# SUPPLIED ENTRIES:
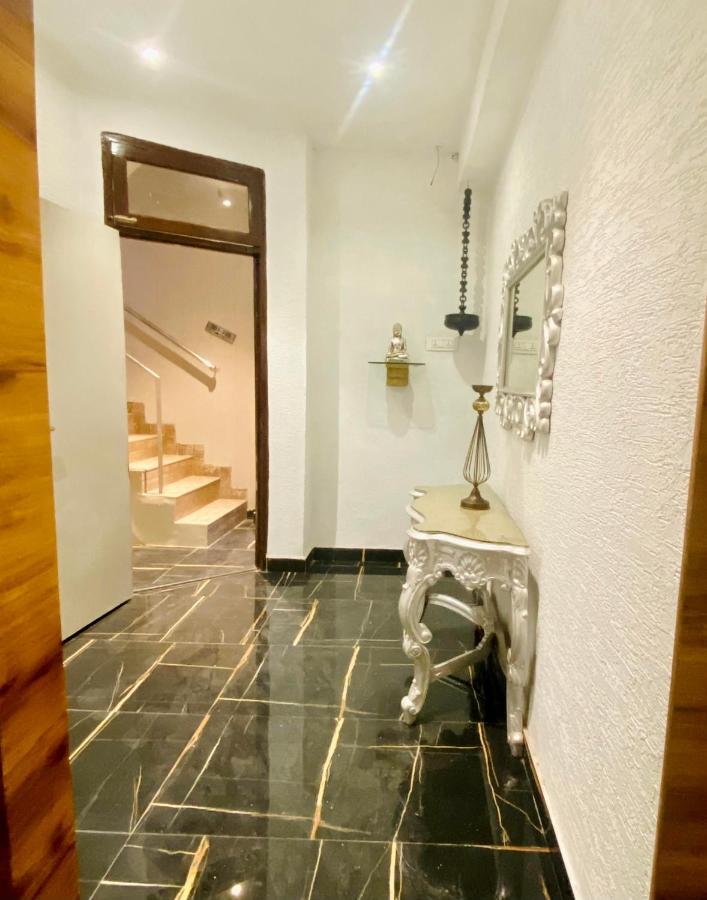 Itsy Hotels Banana Boutique バラナシ エクステリア 写真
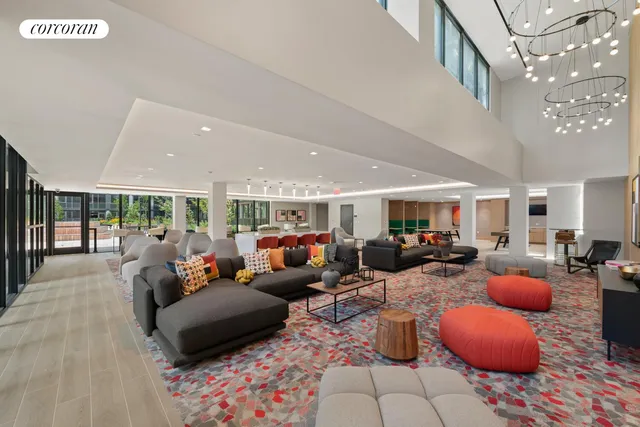 $2,880 | 166-20 90th Avenue, Unit PH17 | Jamaica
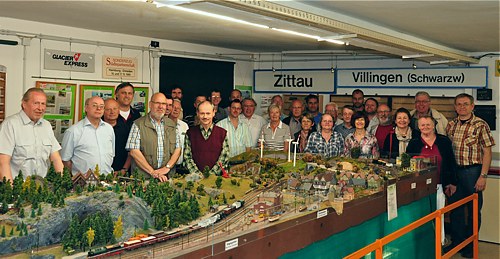 Gruppenfoto zum 50. Gründungsjubileum der Zittauer Modelleisenbahner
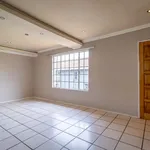 Rent 3 bedroom house of 50392 m² in Roodepoort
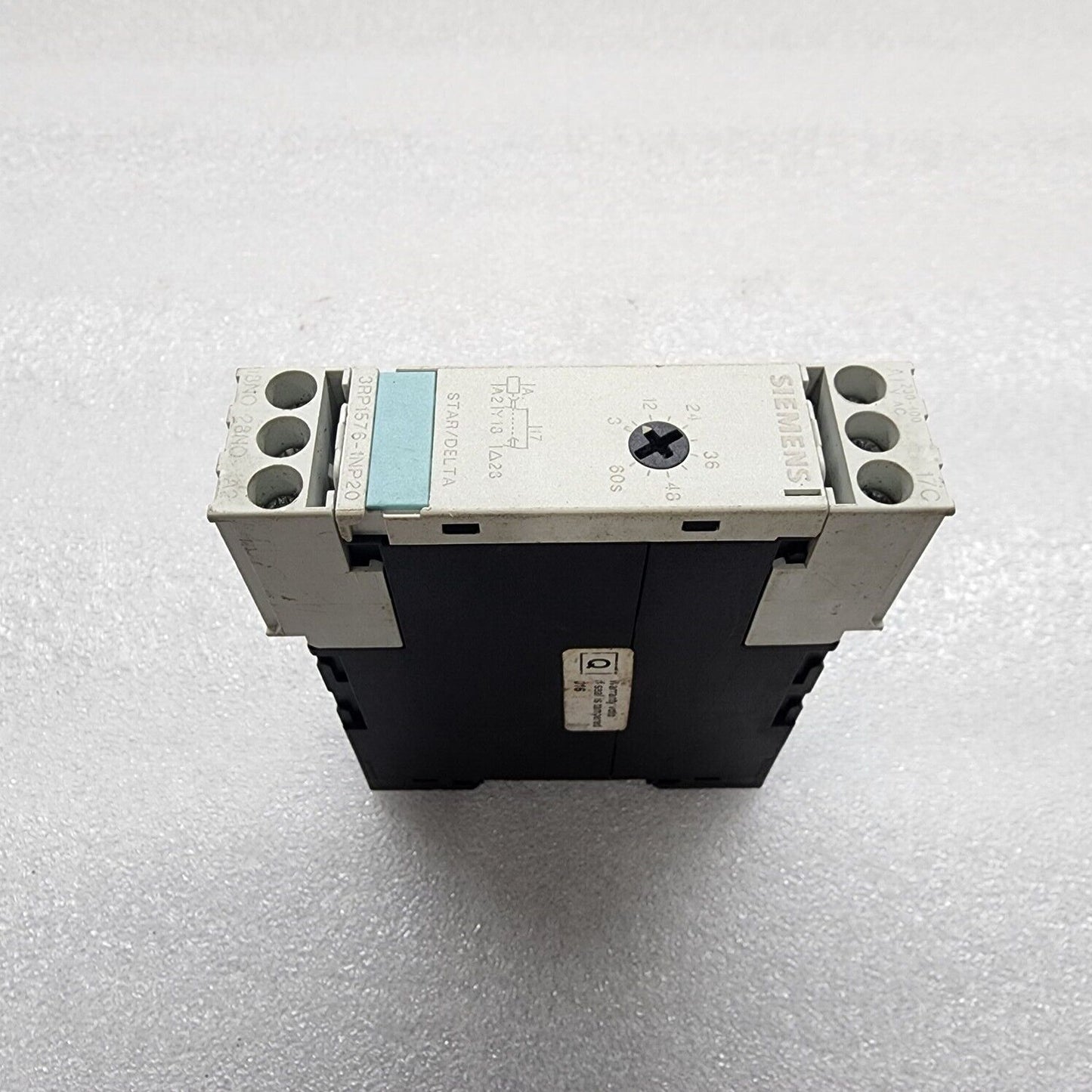 SIEMENS 3RP1576-1NP20 STAR DELTA TIMER 230-400V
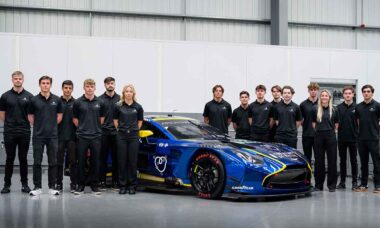 Aston Martin abre disputa por uma das vagas mais desejadas do automobilismo mundial. Foto: Aston Martin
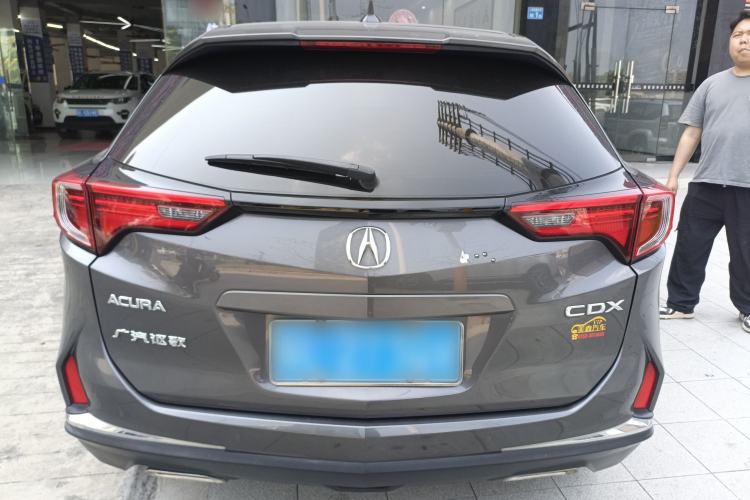 Used Acura CDX 2019 1.5T Two-Wheel Drive Deluxe Edition Rear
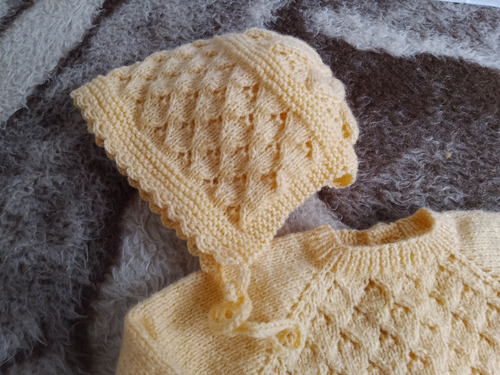 Body, Gorrita Y Escarpines Bebé Manga Larga Tejido Amarillo Maiz 1-3 M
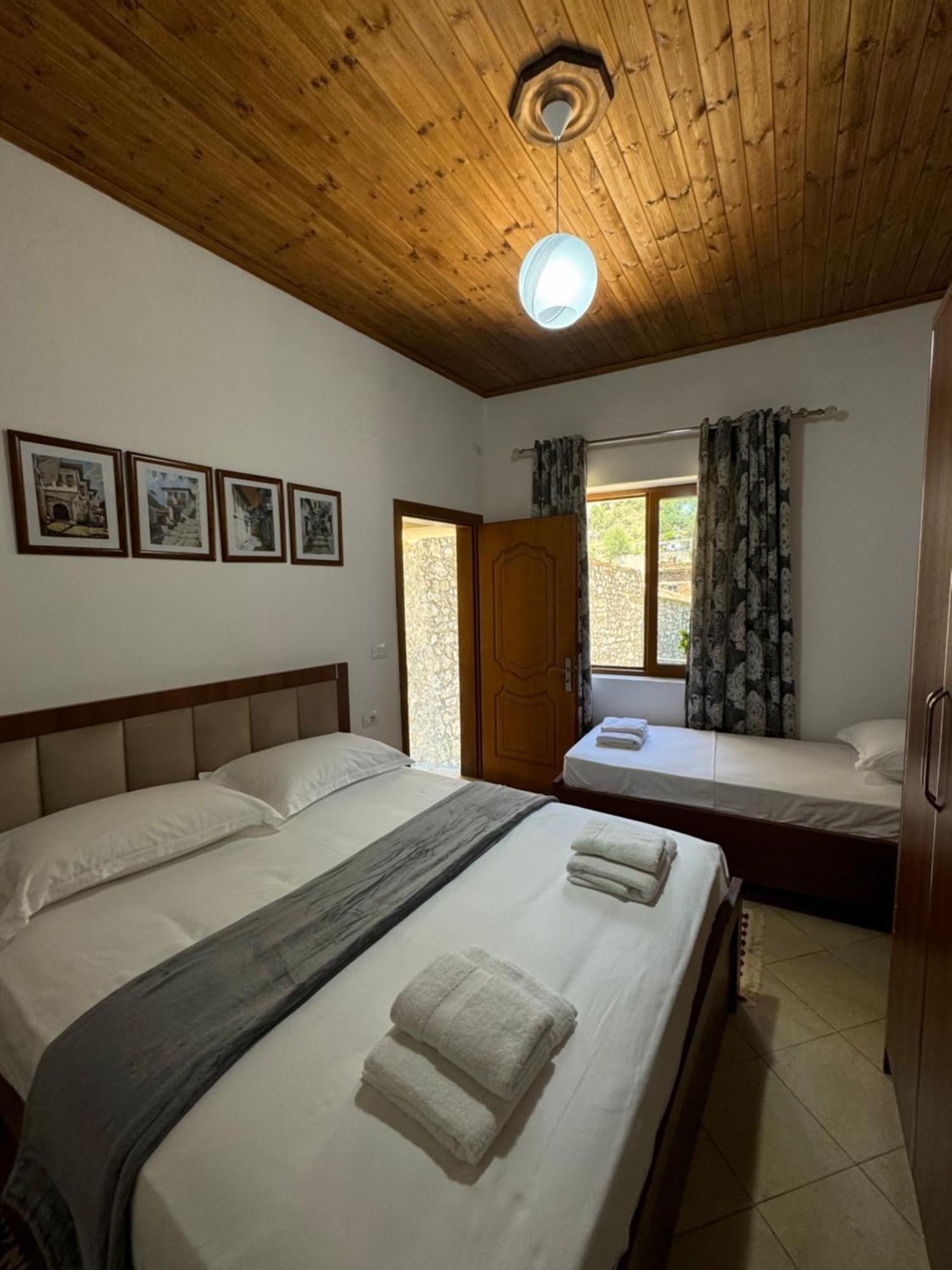 Meroli Guesthouse - Unesco Quarter Berat Kültér fotó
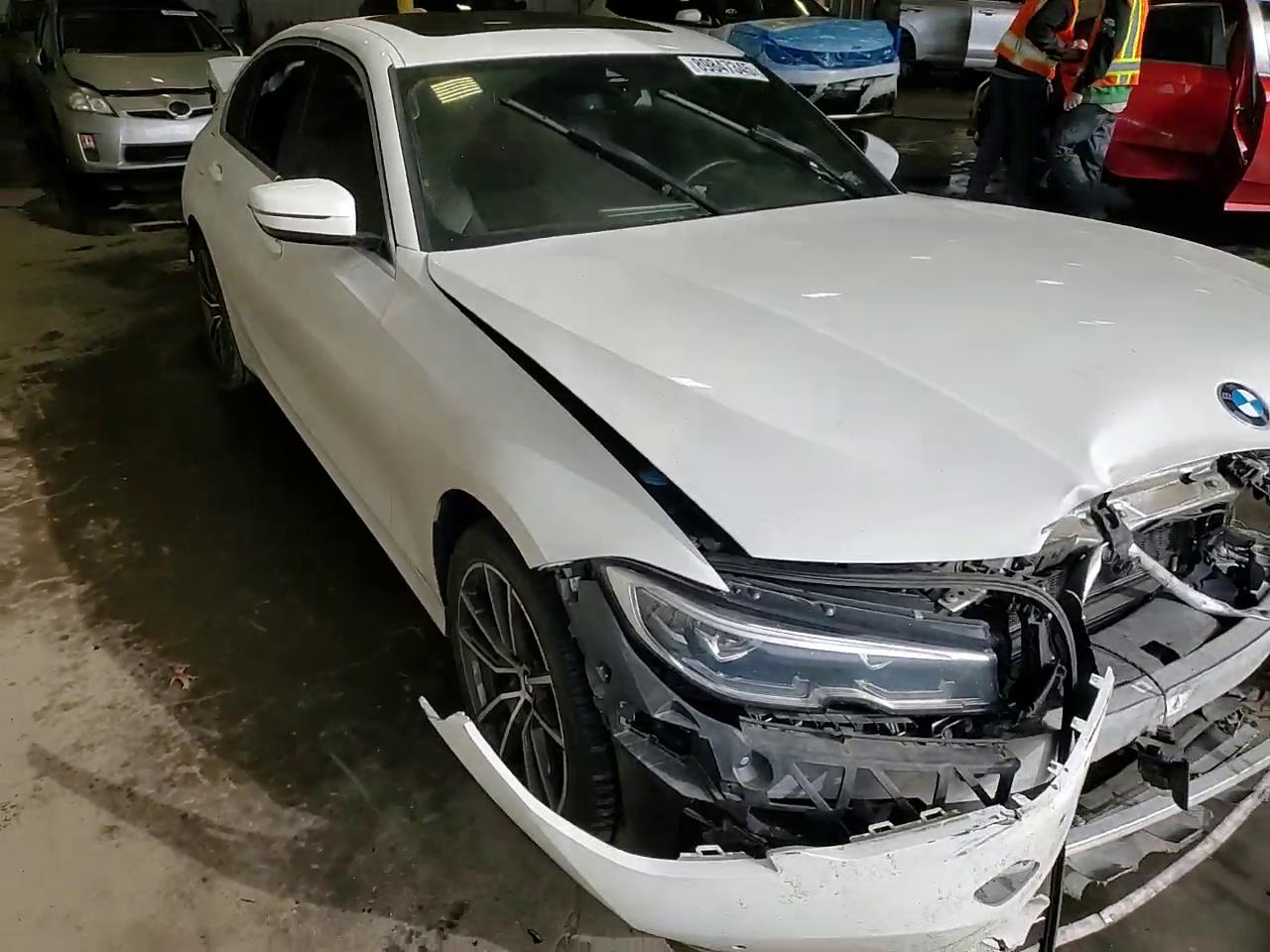 Фото: 3MW5R7J08L8B27086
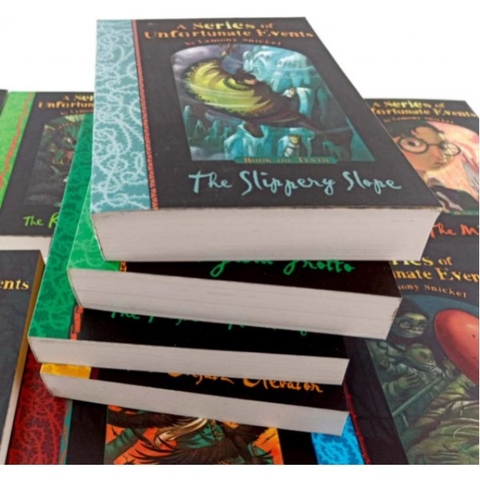 A Series of Unfortunate Events (Sách nhập) – 13 quyển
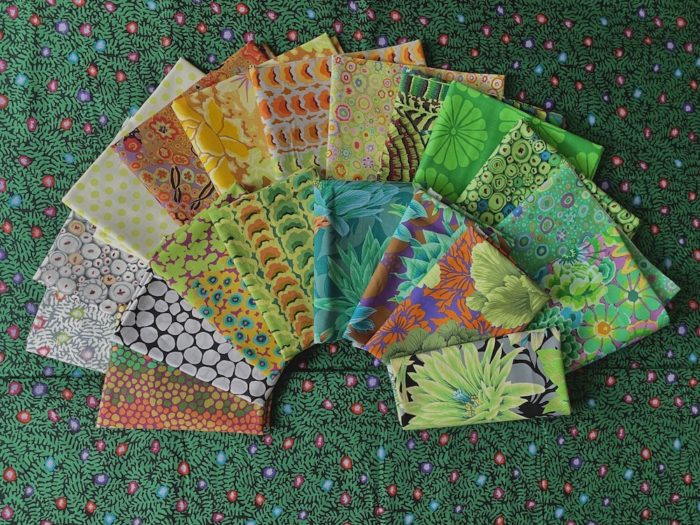 gathering-no-moss-quilt-kit-by-kaffe-fassett-verde-petting-fabric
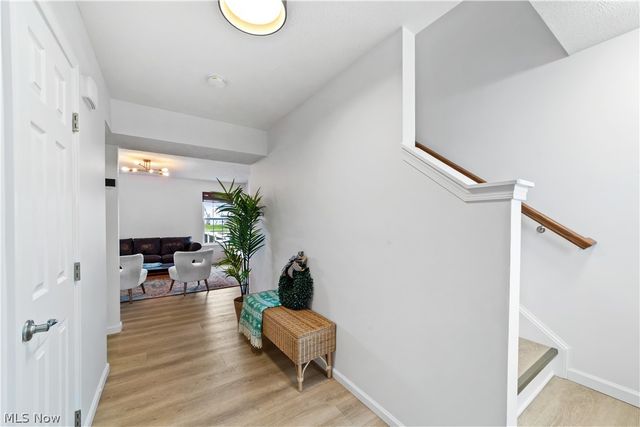 6120 Greenview Trail, North Ridgeville, OH 44039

# ABOUT THIS EXERCISE:
Copy out all the data exactly, skipping the pictures.

# SOLUTION FOR THIS PROBLEM:
 Itsy Hotels Banana Boutique バラナシ エクステリア 写真
 $2,880 | 166-20 90th Avenue, Unit PH17 | Jamaica
 Gruppenfoto zum 50. Gründungsjubileum der Zittauer Modelleisenbahner
 Rent 3 bedroom house of 50392 m² in Roodepoort
 SIEMENS 3RP1576-1NP20 STAR DELTA TIMER 230-400V
 Aston Martin abre disputa por uma das vagas mais desejadas do automobilismo mundial. Foto: Aston Martin
 Used Acura CDX 2019 1.5T Two-Wheel Drive Deluxe Edition Rear
 Body, Gorrita Y Escarpines Bebé Manga Larga Tejido Amarillo Maiz 1-3 M
 Meroli Guesthouse - Unesco Quarter Berat Kültér fotó
 Фото: 3MW5R7J08L8B27086
 A Series of Unfortunate Events (Sách nhập) – 13 quyển
 gathering-no-moss-quilt-kit-by-kaffe-fassett-verde-petting-fabric
 6120 Greenview Trail, North Ridgeville, OH 44039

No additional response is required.